[Mesa-dev] [PATCH 5/7] i965/fs: Don't renumber UNIFORM registers.

Pohjolainen, Topi topi.pohjolainen at intel.com
Fri Mar 14 03:40:28 PDT 2014


On Wed, Mar 12, 2014 at 11:56:05PM -0700, Kenneth Graunke wrote:
> On 03/12/2014 03:14 AM, Pohjolainen, Topi wrote:
> > On Tue, Mar 11, 2014 at 11:48:54PM -0700, Kenneth Graunke wrote:
> >> Previously, remove_dead_constants() would renumber the UNIFORM registers
> >> to be sequential starting from zero, and the resulting register number
> >> would be used directly as an index into the params[] array.
> >>
> >> This renumbering made it difficult to collect and save information about
> >> pull constant locations, since setup_pull_constants() and
> >> move_uniform_array_access_to_pull_constants() used different names.
> >>
> >> This patch generalizes setup_pull_constants() to decide whether each
> >> uniform register should be a pull constant, push constant, or neither
> >> (because it's unused).  Then, it stores mappings from UNIFORM register
> >> numbers to params[] or pull_params[] indices in the push_constant_loc
> >> and pull_constant_loc arrays.  (We already did this for pull constants.)
> >>
> >> Then, assign_curb_setup() just needs to consult the push_constant_loc
> >> array to get the real index into the params[] array.
> >>
> >> This effectively folds all the remove_dead_constants() functionality
> >> into assign_constant_locations(), while being less irritable to work
> >> with.
> >>
> >> Signed-off-by: Kenneth Graunke <kenneth at whitecape.org>
> >> ---
> >>  src/mesa/drivers/dri/i965/brw_fs.cpp         | 187 +++++++++++----------------
> >>  src/mesa/drivers/dri/i965/brw_fs.h           |  13 +-
> >>  src/mesa/drivers/dri/i965/brw_fs_visitor.cpp |   3 +-
> >>  3 files changed, 85 insertions(+), 118 deletions(-)
> >>
> >> diff --git a/src/mesa/drivers/dri/i965/brw_fs.cpp b/src/mesa/drivers/dri/i965/brw_fs.cpp
> >> index 3c8237a..5e01e78 100644
> >> --- a/src/mesa/drivers/dri/i965/brw_fs.cpp
> >> +++ b/src/mesa/drivers/dri/i965/brw_fs.cpp
> >> @@ -885,8 +885,8 @@ fs_visitor::import_uniforms(fs_visitor *v)
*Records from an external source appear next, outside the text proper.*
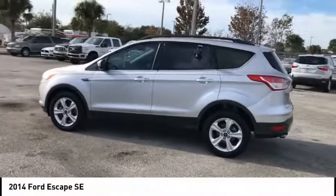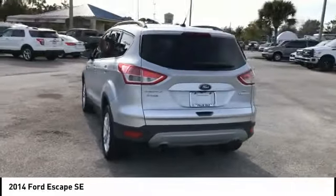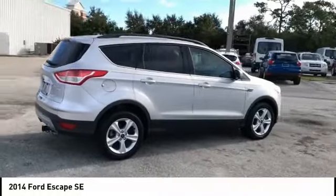Stop by and take a look at the 2014 Escape. Gas engines flex, tow, sip, and go with Ford Escape, and it is priced below $15,000.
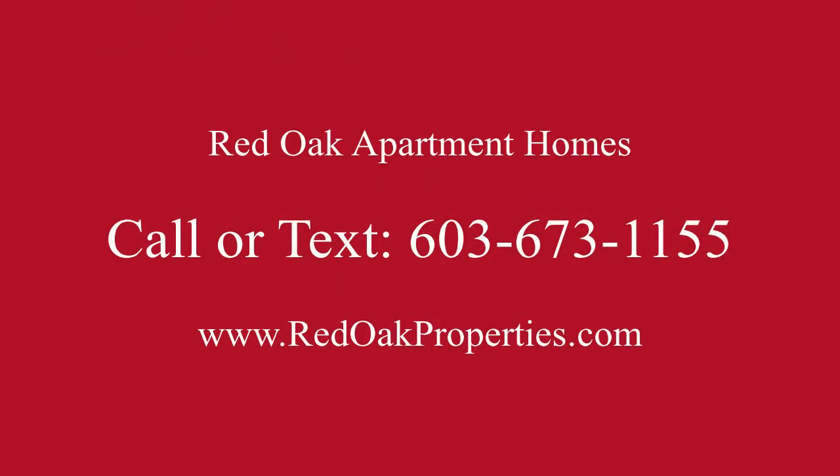If you're interested in this apartment, call 603-673-1155 or visit RedOakProperties.com for all of our availability.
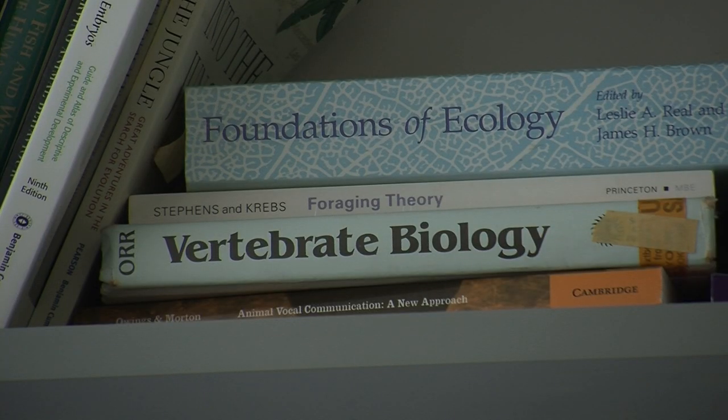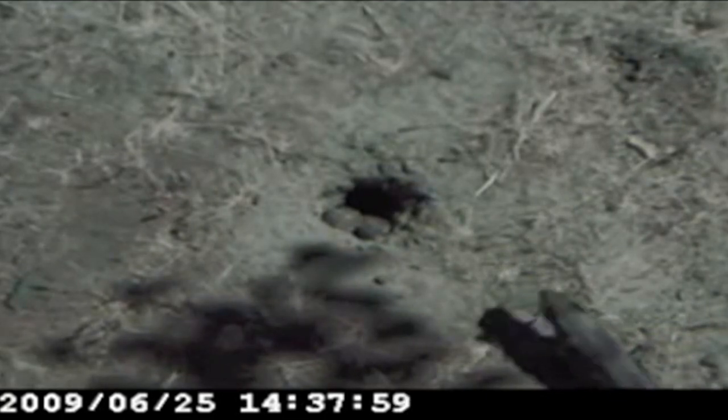Rulon Clark is a professor of biology at San Diego State. He's a snake guy, and this summer he's in Northern California studying the way rattlesnakes and ground squirrels play the game of survival.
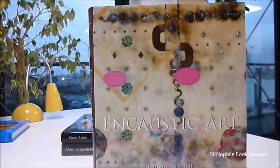With 150 colour images altogether, the book normally retails at £14.95, but the bibliophile bargain price for encaustic art is just £7.95.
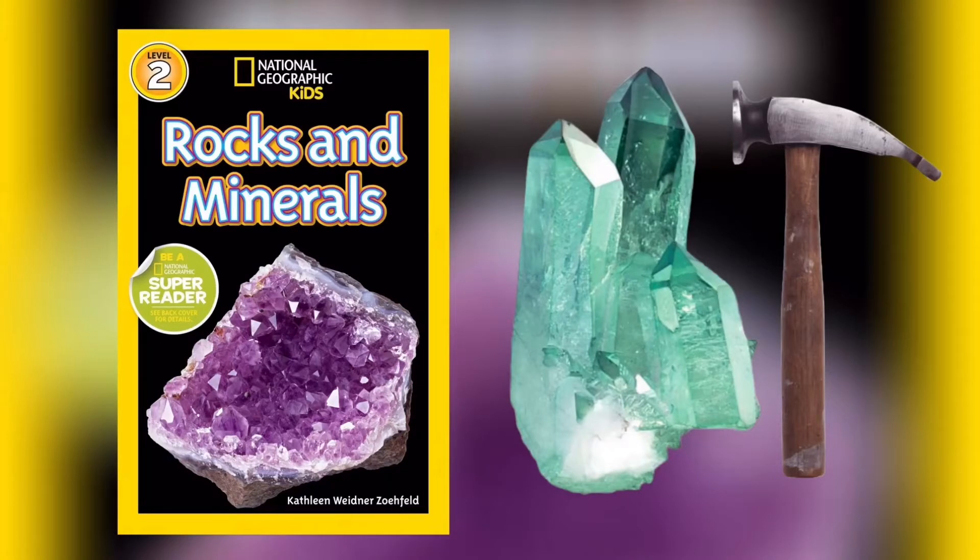This is Mr. Horton reading National Geographic Kids, Rocks and Minerals, written by Kathleen Widener-Zofeld. Page 4.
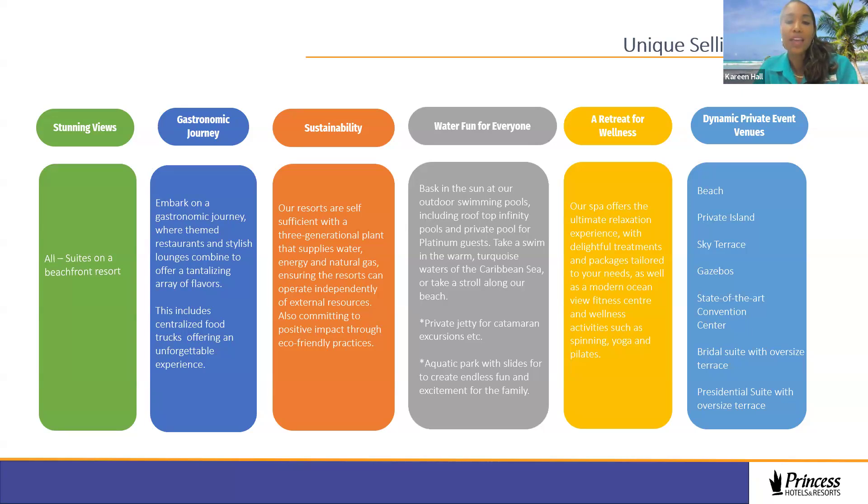We have an expansive spa retreat for wellness, overlooking the ocean, where guests can enjoy hydrotherapy rituals, sauna, and various treatments. There are also wellness centers for fitness activities — spinning, yoga, pilates, and more. For dynamic private events, we have great locations ranging from as small as 10 persons for an intimate feel to as large as 1,200 persons, with options including the beach area, private island, sky terrace, gazebo, a state-of-the-art convention center, bridal suite, and a presidential suite with an oversized terrace and infinity pool.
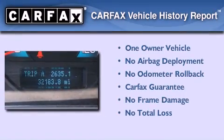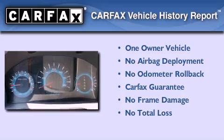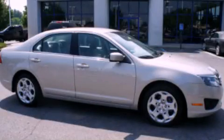This Ford has had only one owner and it qualifies for the Carfax buyback guarantee. We invite you to contact us today to learn more about this vehicle.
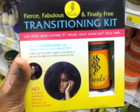I went to Target on Saturday and took some pictures there. I was a little surprised and, for some reason, slightly annoyed when I saw this — a transitioning kit. 'Be fierce, fabulous, and finally free with this transitioning kit from Curls. You can live free and loving it. Relax your mind and not your hair.' So this was $28.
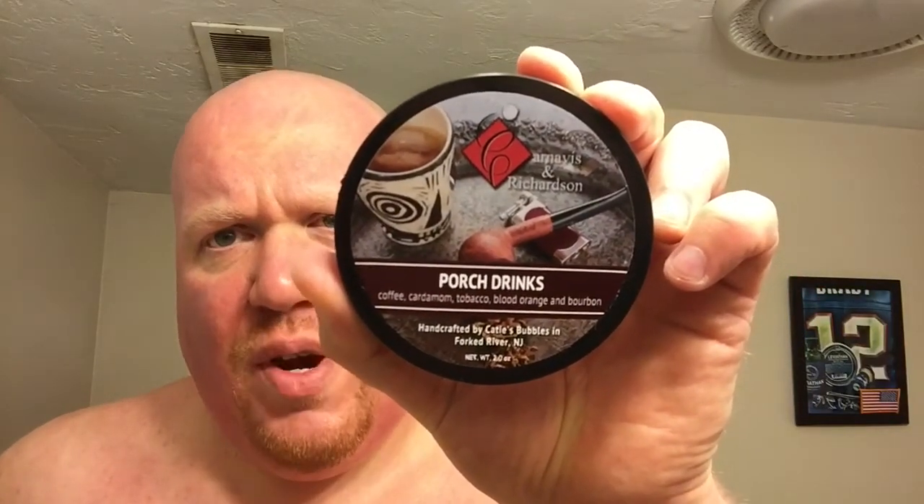Now the availability of this is pretty limited right now, but I think it will be popular enough that Josh from Carnivis and Richardson will end up asking the two artisans to collab again and make at least another batch, if not make this a standard product offering. So if you can get your hands on it, do. This is Carnivis and Bubbles Porch Drinks. Great performance, great scent, great post-shave, and really some stand-up people came together to produce this soap.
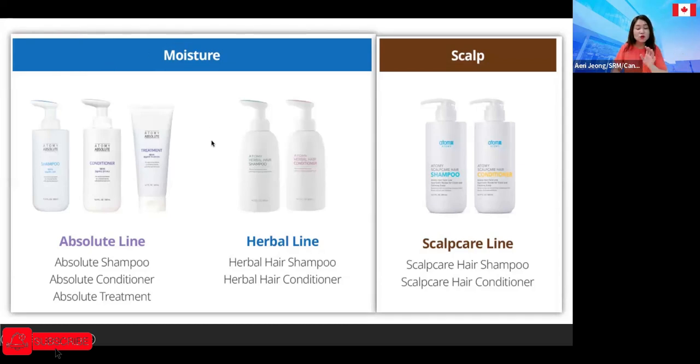Now you know which shampoo line to introduce for different conditions of the hair and the scalp.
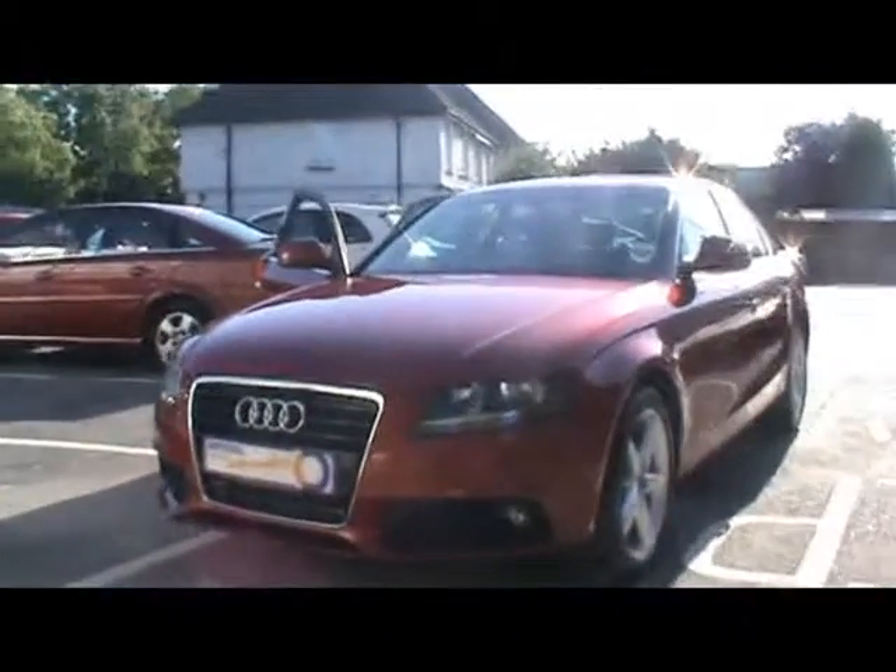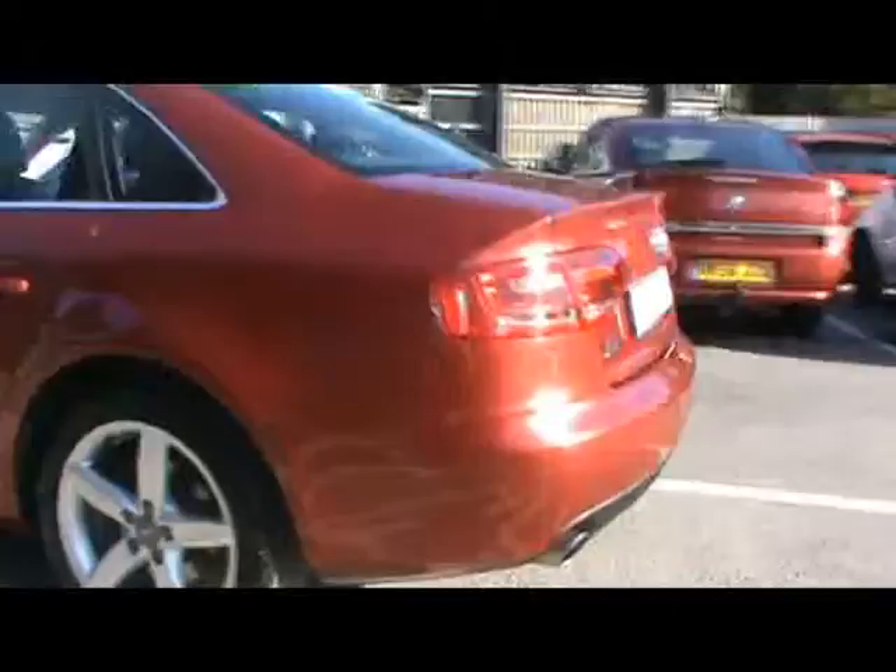Welcome to Imperial Cars. We have a 2008 Audi A4 SE 3.0L TDI Quattro for a quick tour around the car to highlight some of its features and to also give you an idea of the condition. Absolutely lovely car this one.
> >>     hash_table_call_foreach(v->variable_ht,
> >>  			   import_uniforms_callback,
> >>  			   variable_ht);
> >> -   this->params_remap = v->params_remap;
> >> -   this->nr_params_remap = v->nr_params_remap;
> >> +   this->push_constant_loc = v->push_constant_loc;
> >> +   this->uniforms = v->uniforms;
> >>  }
> >>  
> >>  /* Our support for uniforms is piggy-backed on the struct
> >> @@ -1397,11 +1397,8 @@ fs_visitor::assign_curb_setup()
> >>  {
> >>     if (dispatch_width == 8) {
> >>        c->prog_data.first_curbe_grf = c->nr_payload_regs;
> >> -      stage_prog_data->nr_params = uniforms;
> >>     } else {
> >>        c->prog_data.first_curbe_grf_16 = c->nr_payload_regs;
> >> -      /* Make sure we didn't try to sneak in an extra uniform */
> >> -      assert(uniforms == 0);
> >>     }
> >>  
> >>     c->prog_data.curb_read_length = ALIGN(stage_prog_data->nr_params, 8) / 8;
> >> @@ -1412,7 +1409,19 @@ fs_visitor::assign_curb_setup()
> >>  
> >>        for (unsigned int i = 0; i < 3; i++) {
> >>  	 if (inst->src[i].file == UNIFORM) {
> >> -	    int constant_nr = inst->src[i].reg + inst->src[i].reg_offset;
> >> +	    int uniform_nr = inst->src[i].reg + inst->src[i].reg_offset;
> >> +            int constant_nr;
> >> +            if (uniform_nr >= 0 && uniform_nr < (int) uniforms) {
> >> +               constant_nr = push_constant_loc[uniform_nr];
> >> +            } else {
> >> +               /* Section 5.11 of the OpenGL 4.1 spec says:
> >> +                * "Out-of-bounds reads return undefined values, which include
> >> +                *  values from other variables of the active program or zero."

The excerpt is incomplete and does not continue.